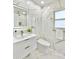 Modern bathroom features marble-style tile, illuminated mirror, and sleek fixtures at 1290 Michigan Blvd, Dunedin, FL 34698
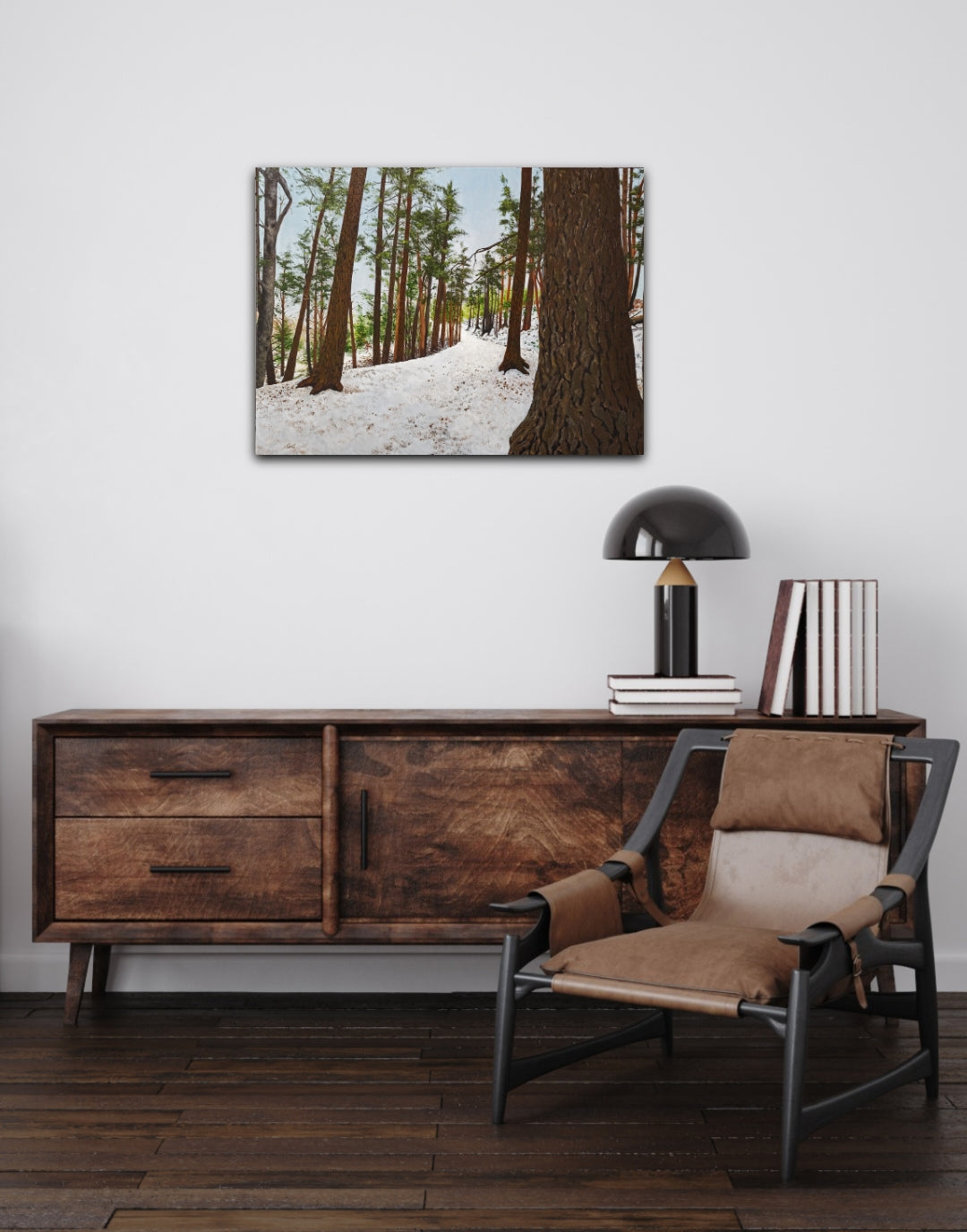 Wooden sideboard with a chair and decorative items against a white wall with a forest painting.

--

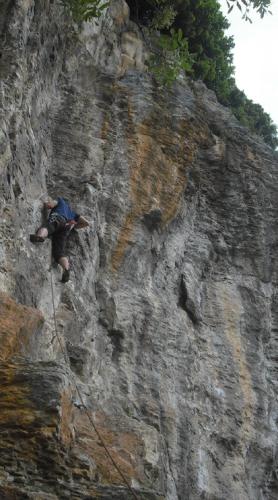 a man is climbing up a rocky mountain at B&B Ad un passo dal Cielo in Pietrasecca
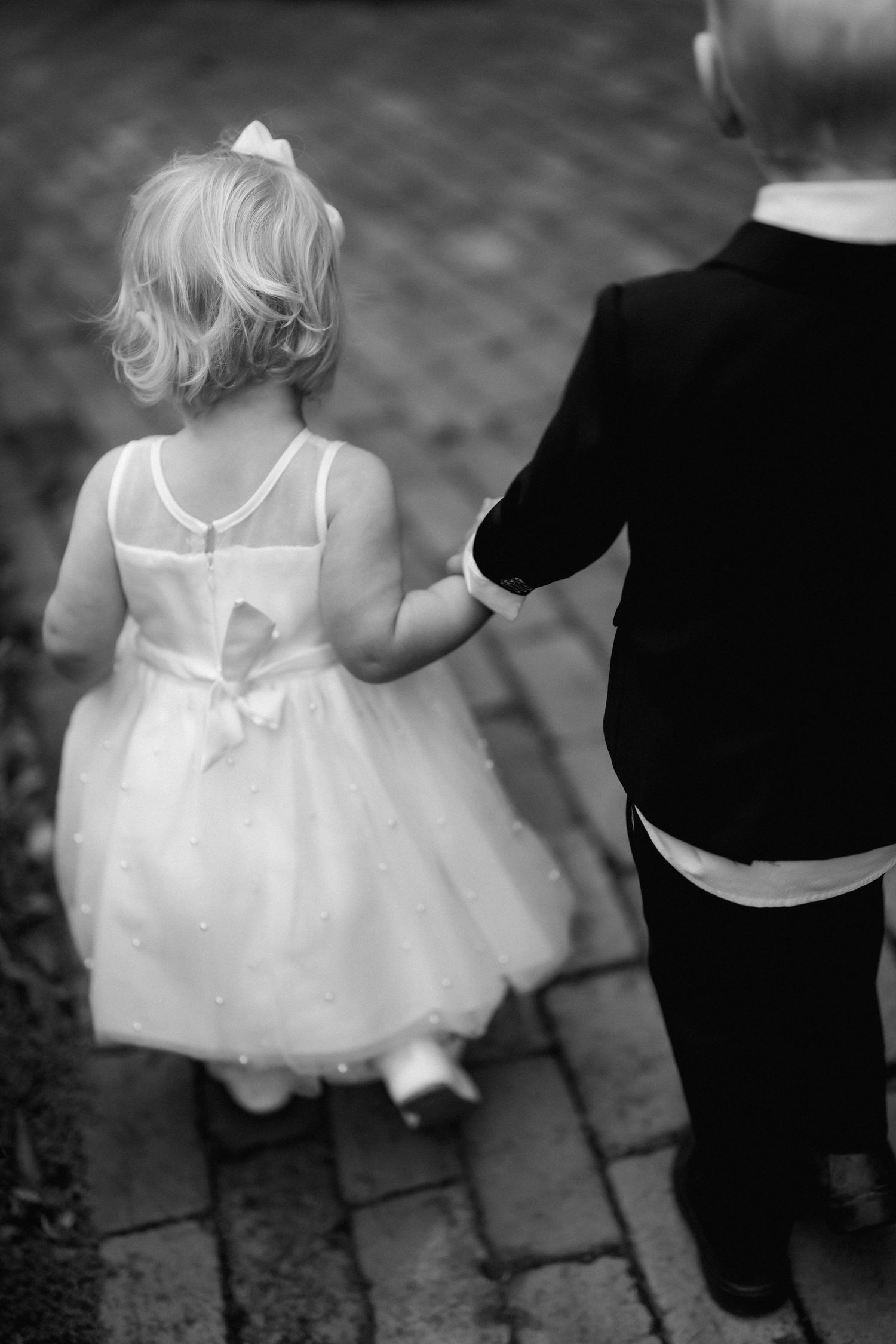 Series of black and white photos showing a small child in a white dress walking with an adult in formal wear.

EXERCISE: Pictures excluded, reproduce only the part above that opens with the line holding "a man is climbing" and closes with the line holding "Series of black", exactly as written.

THE ANSWER:
 a man is climbing up a rocky mountain at B&B Ad un passo dal Cielo in Pietrasecca
 Series of black and white photos showing a small child in a white dress walking with an adult in formal wear.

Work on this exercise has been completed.